In retrospect, it is clear that the crisis was fueled by a strange but familiar recursive loop: increased demand for mortgage-backed securities prompted a search for more supply, which prompted a search for more supply until mortgage originators ran out of prime and even reasonable subprime lending candidates. However, as house prices soared, numerous famous economists openly warned of an imminent disaster, and several individual and institutional investors used credit default swaps to take large positions against the mortgage-backed securities market. Those who were astute and bold were rewarded, while the remainder were penalized.

This example can be taken more widely for the Austrian: What should one do when the overwhelming majority of market players, in their opinion, are making systematic mistakes not only in asset pricing but also in their assumptions about money, interest rates, and even value?

Because, from an Austrian perspective, to engage in modern financial markets at all, one must act irrationally from beginning to end. However, Austrians must participate if they are to realize optimal gains—at least, until they feel that the risk of continuing to ape the irrational behavior of the post-Keynesian financial landscape outweighs the likely payoff of continuing to ape the irrational behavior of the post-Keynesian financial landscape. Knowing, or rather probabilistically assuming, that most market participants will act irrationally by going along with the status quo of modern monetary

Consider Menger's thought experiment, which demonstrates the force of the subjective theory of value: shipwrecked on a desert island in the middle of the ocean, one values a glass of water more than a diamond, but only in that or a few other severely confined situations.

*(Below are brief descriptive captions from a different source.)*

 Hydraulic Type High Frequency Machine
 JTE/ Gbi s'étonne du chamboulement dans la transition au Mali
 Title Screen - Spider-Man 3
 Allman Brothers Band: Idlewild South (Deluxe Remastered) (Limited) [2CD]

Austrians are better at understanding actual value, profit, than any other economic school, but that doesn't imply they're immune to tasteful design or crowd frenzy. While actual value usually wins out in the long run, prices are influenced by market emotion, momentum, and a variety of other factors, making all prices "always erroneous in retrospect," as Eugene Fama, theorist of the efficient market hypothesis, conceded. This is due to the fact that entire information is difficult to gain in retrospect and impossible in the present.

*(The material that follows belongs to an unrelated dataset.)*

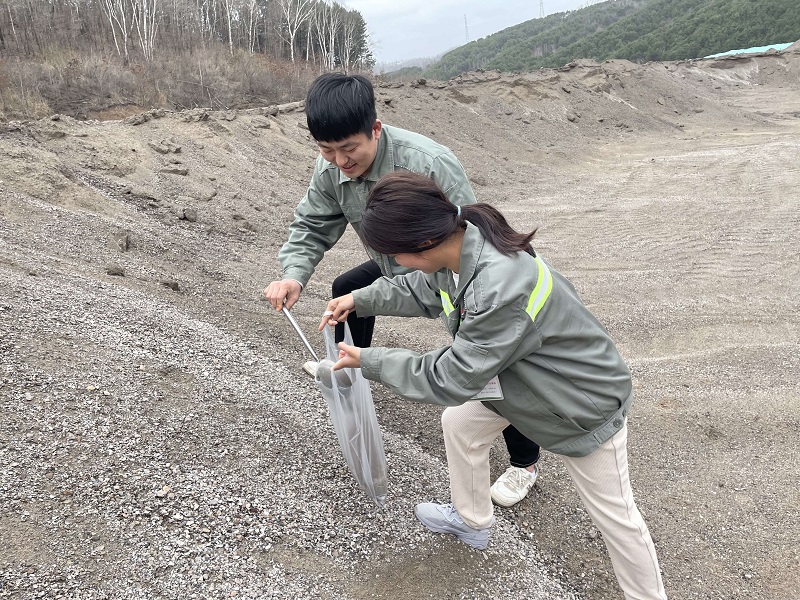 黄陵公司：细腻治理降本钱 优化效劳提品质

Behavioral economics provides Austrians with clear frameworks for identifying and analyzing the numerous types of financial market misbehavior that can and have occurred. Austrians can better avoid being pulled into risky investing fads like memes or nonfungible coins if they have this understanding. Furthermore, because behavioral economics can disclose when and how market actors are likely to be systematically wrong about the worth of something, informed Austrians can profit from price arbitrage possibilities over time by focusing on consumer wants and business responses.

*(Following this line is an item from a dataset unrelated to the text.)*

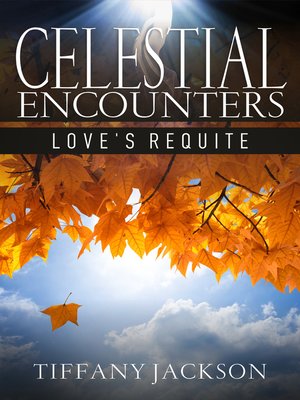cover image of Celestial Encounters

Austrian business cycle theory provides a matrix for behavioralists seeking a more predictable macroenvironment for their choice architecture. After all, how can a world interest rate determined by a few unelected members of a private monopoly be predicted? Isn't it better to have pure market forces and a less elastic medium?

Yes, without a doubt, from the standpoint of risk reduction.

To avoid any behavioralist objections to ABCT's apparent contradiction that lenders would continue to lend despite the fact that the economy was becoming too hot, as Joseph Salerno has demonstrated, this is not at all a contradiction. "As long as the music is still playing, we have to get up and dance, and the music is still playing," said one investment manager on CNBC a few months ago.

Client desire for returns may create bubbles, but it is bad monetary policy that permits them to reach truly disastrous levels. Everyone should now realize that the Federal Reserve kept the recent celebration going for far too long.

The only question now is how far down you can go.